This post was featured as a guest post at The Kitchn today, and I figured I’d repost it here for those of you who didn’t already see it.
It’s funny that when I look back on life, from the cupcakes I’d bring into school for birthdays to the ice cream my family ate on that summer vacation to the time where my parents and my brother ate lobster while wearing giant plastic bibs, I often seen things in terms of food. Like Christmas. When I was growing up, the month of December meant tins of all kinds of cookies and fudge lined up along my grandma’s creaky staircase, gifts she planned to take to every friend and relative, with at least one container of oatmeal chocolate chip cookies planned especially for me.
I baked cookies covered with red and green sprinkles, eaten while I was watching It’s a Wonderful Life or a made-for-TV movie about a girl who wants a mom for Christmas. My mom baked cookies rolled in powdered sugar or kolachkys with apricot and raspberry jelly in the centers. We sipped hot chocolate. We gave away panettones. We even had presents that related to food: I’ll never forget taking my new doll up to my room, her hands holding a tray of muffins that actually smelled like chocolate, thinking that life couldn’t get any better than this.
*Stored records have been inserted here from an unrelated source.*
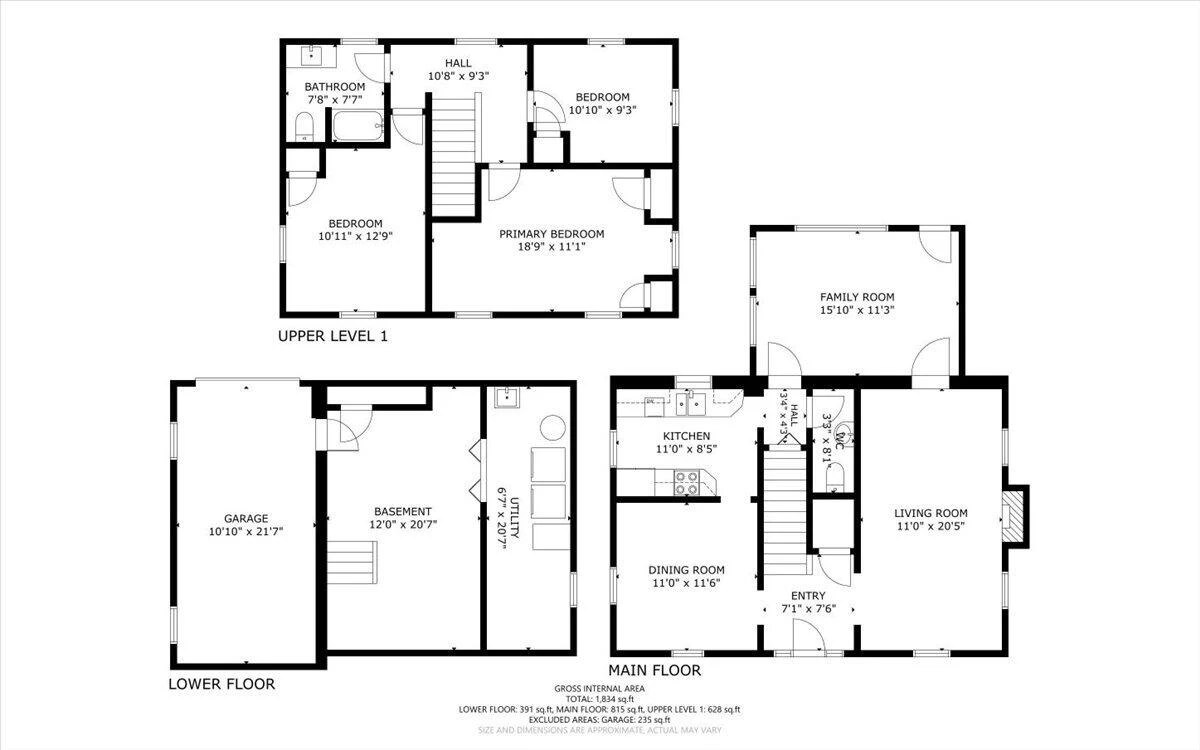 3581 Grandin RD SW - Photo 123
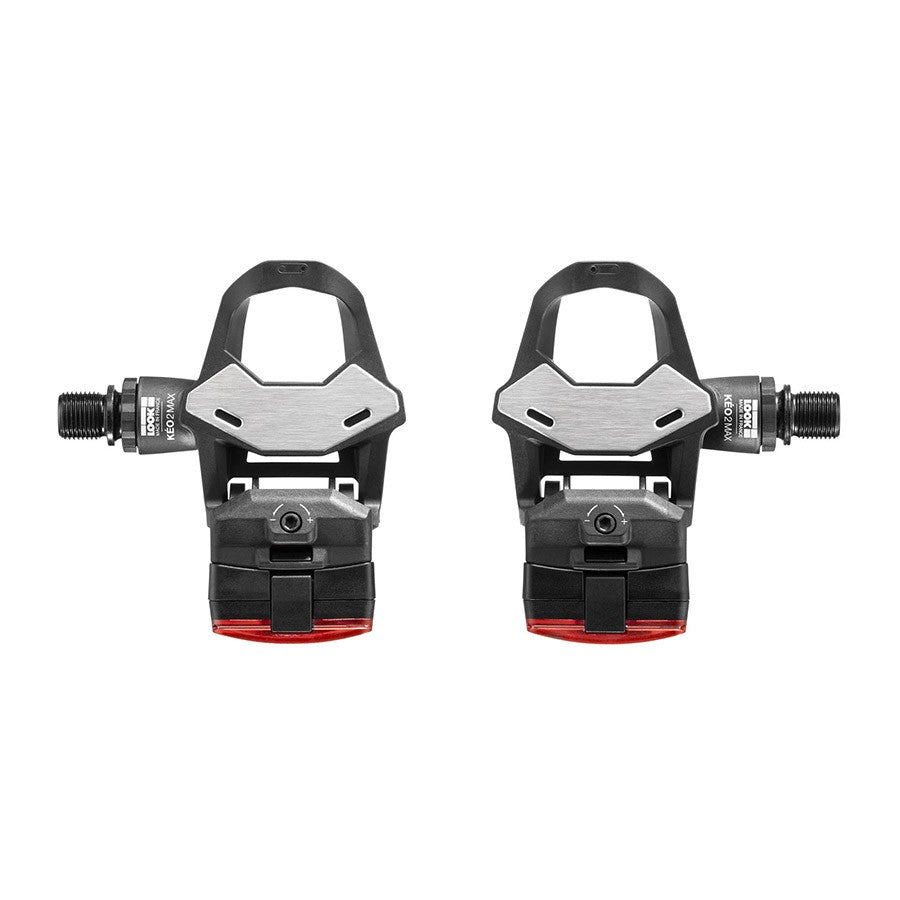 Look KEO 2 MAX Vision Clipless Road Pedals
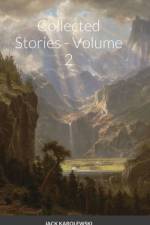 Collected Stories - Volume 2 af Jack Karolewski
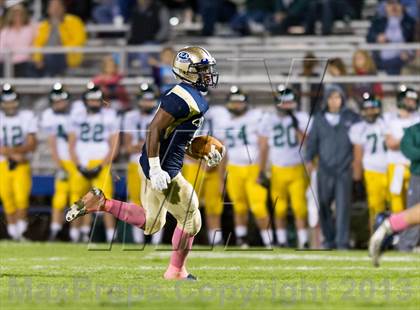 Thumbnail 3 in Penn-Trafford @ Kiski Area photogallery.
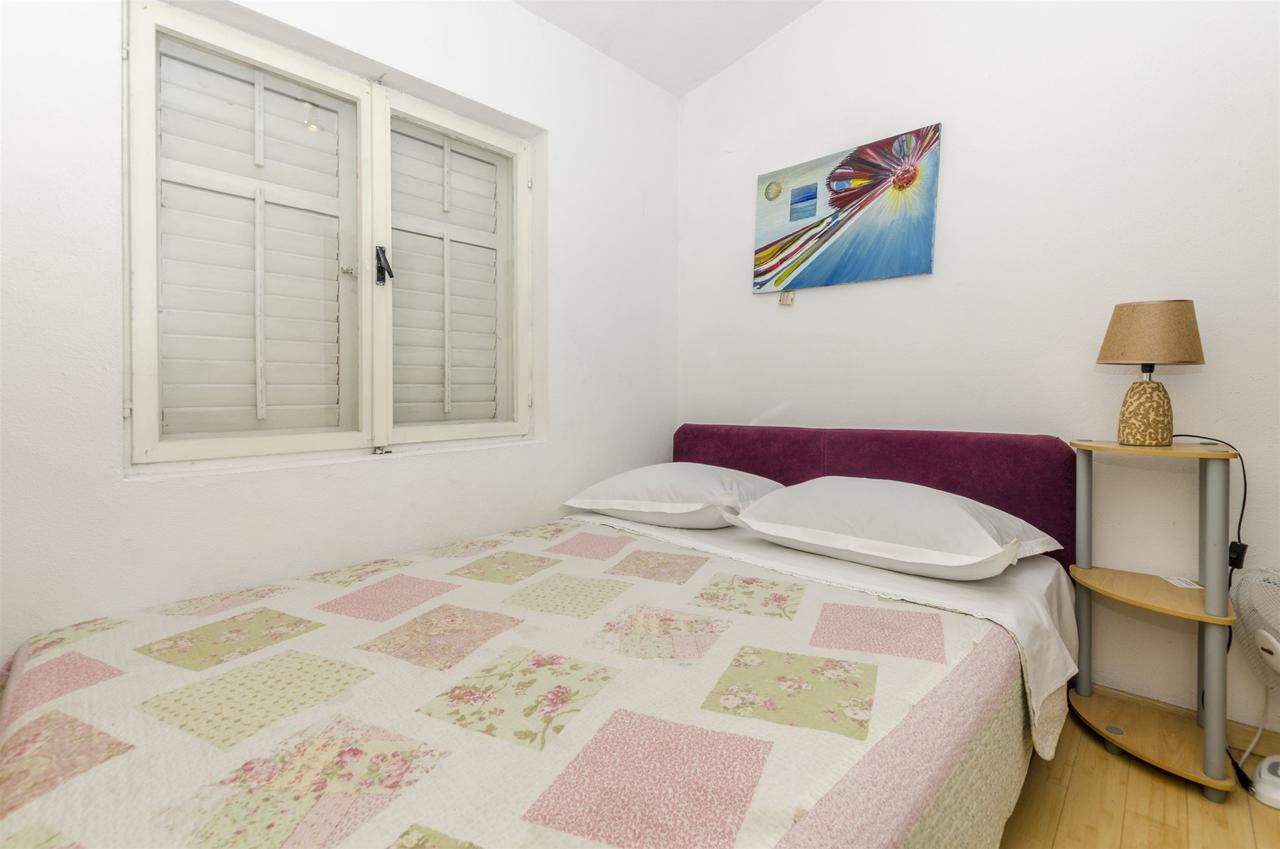 Apartments Zanet Sumpetar Exterior foto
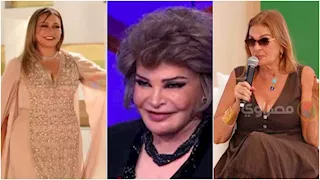 حدث بالفن| صفية العمري تُعلن تعرضها للتهديد بالقتل وسر غياب هالة صدقي عن الجونة 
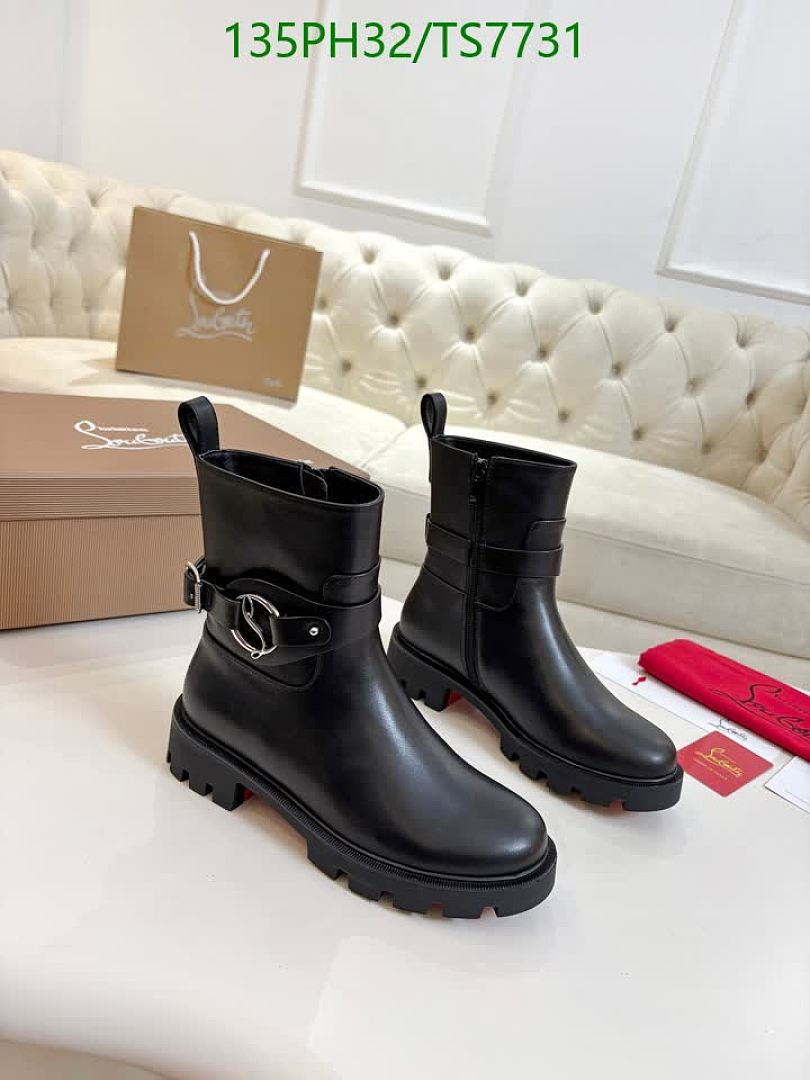Boots-Shoes(Women) Code: TS7731 $: 135USD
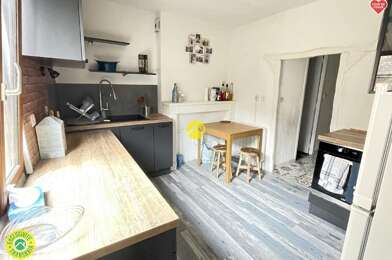 Maison 4 pièces 158500 €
Then there were the parties. Christmas parties at our house were the sound of many voices and the smell of coffee brewing and tables covered in meatballs and sandwiches and chips and dip and enormous trays of cookies and fudge. I’d gravitate towards the sweet rather than savory (I still do), filling my plate with the Jell-O mold and some fruit and desserts, a glass of homemade punch on the side. I liked the meatballs and the cheese and crackers, and you know I loved the cookies, but one item on the buffet I never missed was this: my mom’s cherry cream cheese spread, pink and whipped, slathered on top of mini bagels and studded with dates, walnuts and chopped cherries. I don’t even like the texture of cherries (the flavor, yes; the texture, no), but this spread is so good, I got past it, scooping the glossy, red bits to the side as I piled more cream cheese on another piece of bagel.